I was asked about whether I’m concerned about China and India. I am concerned about China. I am concerned about India. I am concerned about our ability to compete long term. But here are some statistics and some evidence that this is the most innovative country in the world. They didn’t come up with the iPod. There are thousands of MP3 companies in the world. The MP3 player has been commoditized at lightening speed. And yet it took Apple to figure out how to turn the iPod, a commodity if you will, into a society transforming device. And the reason for that is because, look, he thought, and they thought, and innovated outside of the silos. That it wasn’t just about that iPod player. It was about the iTunes software. It was about the iTunes store and commerce. About making it so that the content is protected and safe. So that people would be willing to put first run, first release music on there. They thought about industrial design so that the devices were cool and of course, they made the world’s best MP3 player. They weren’t the first MP3 player on the market. Another example, Google. I love the fact, well first of all, Google search is terrific. But Google labs is another example of innovation of the future. Very rapid prototyping of ideas, putting it in the marketplace, and letting the market come back and tell them whether it is the right idea and whether they should pursue it further and how to correct it and adjust it. These are two innovative companies with innovative cultures and I don’t believe it’s possible to do this anywhere else in the world.

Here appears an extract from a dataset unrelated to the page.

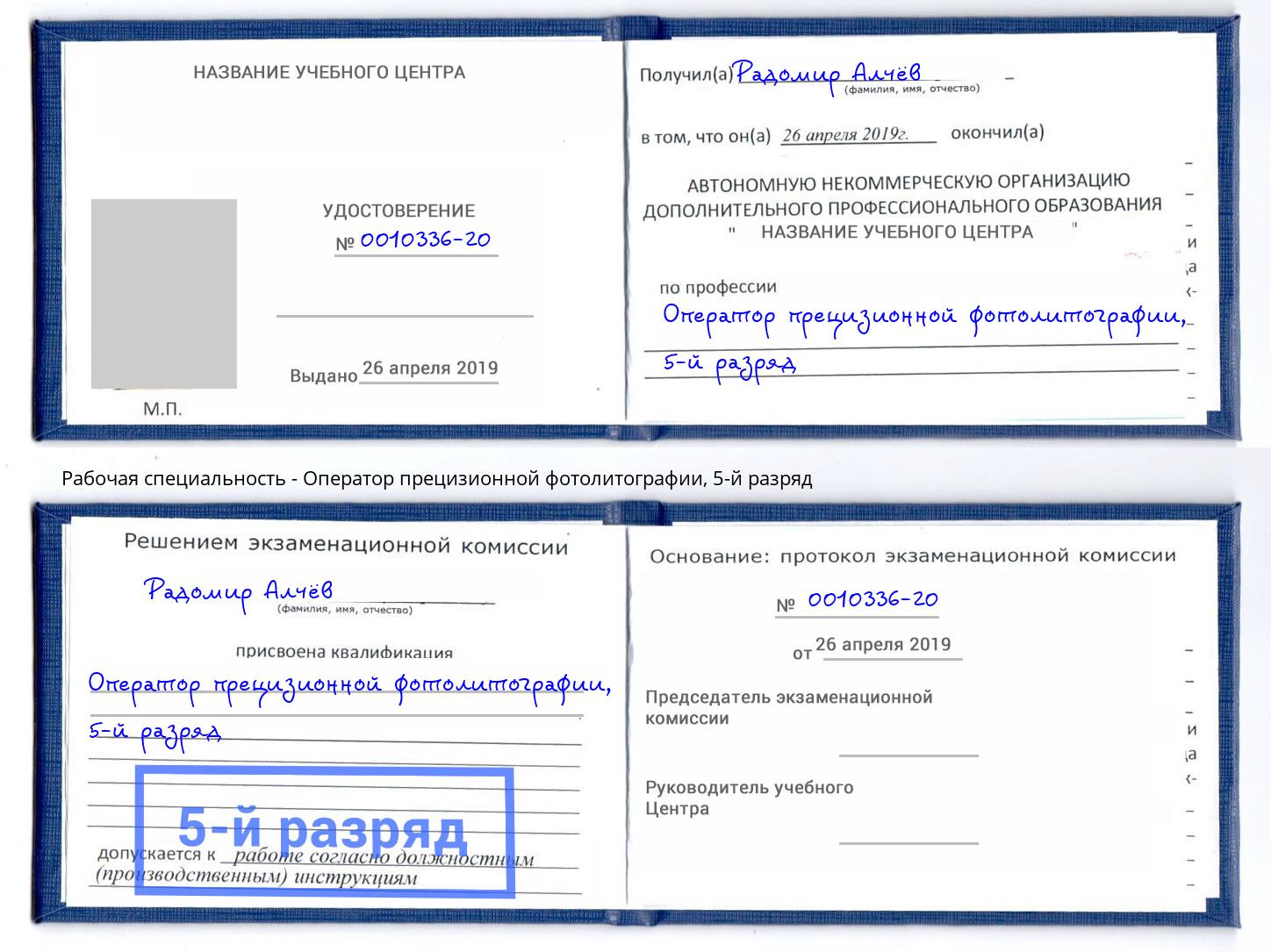 корочка 5-й разряд Оператор прецизионной фотолитографии Чита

And so I happen to believe that all of you have daunting challenges, but I also believe that the opportunities are extraordinary if you have the right skills. If I could just leave you with a final thought and that is to dream big and to pursue it with a passion and to work on the things that you really, really love. Learn how to not just be great problem solvers, which is the way that we were trained, but learn how to figure out, if you will, how to determine what problems to be solved. Determining what problems need to be solved, addressing that unarticulated need, is the future. And we’re looking forward to seeing how you guys all turned out.